*Problem details*:
Search the entries below for "Shirt" and copy each matching line.

(Study material begins)

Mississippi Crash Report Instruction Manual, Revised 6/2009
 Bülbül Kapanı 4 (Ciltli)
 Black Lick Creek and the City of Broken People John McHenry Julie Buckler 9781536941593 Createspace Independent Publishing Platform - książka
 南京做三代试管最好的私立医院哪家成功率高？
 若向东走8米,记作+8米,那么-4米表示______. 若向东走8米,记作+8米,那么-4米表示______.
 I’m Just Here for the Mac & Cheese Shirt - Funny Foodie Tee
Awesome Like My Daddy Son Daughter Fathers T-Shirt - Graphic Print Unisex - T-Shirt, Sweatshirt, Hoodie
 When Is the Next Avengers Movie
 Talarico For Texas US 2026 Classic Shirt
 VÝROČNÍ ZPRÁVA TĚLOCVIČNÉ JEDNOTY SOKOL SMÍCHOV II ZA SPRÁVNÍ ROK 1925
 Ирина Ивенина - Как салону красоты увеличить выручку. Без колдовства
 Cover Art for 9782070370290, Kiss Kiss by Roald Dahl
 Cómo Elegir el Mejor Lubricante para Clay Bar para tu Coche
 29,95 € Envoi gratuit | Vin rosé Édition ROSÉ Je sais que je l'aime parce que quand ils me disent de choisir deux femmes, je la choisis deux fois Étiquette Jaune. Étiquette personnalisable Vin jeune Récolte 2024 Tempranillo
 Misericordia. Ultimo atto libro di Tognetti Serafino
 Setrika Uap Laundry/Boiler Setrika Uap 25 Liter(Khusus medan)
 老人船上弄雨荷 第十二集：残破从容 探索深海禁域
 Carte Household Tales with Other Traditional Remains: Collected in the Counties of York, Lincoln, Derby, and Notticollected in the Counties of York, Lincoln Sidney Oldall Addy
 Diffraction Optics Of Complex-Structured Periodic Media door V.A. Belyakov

(Study material ends)

*Solution to this problem*:
 I’m Just Here for the Mac & Cheese Shirt - Funny Foodie Tee
Awesome Like My Daddy Son Daughter Fathers T-Shirt - Graphic Print Unisex - T-Shirt, Sweatshirt, Hoodie
 Talarico For Texas US 2026 Classic Shirt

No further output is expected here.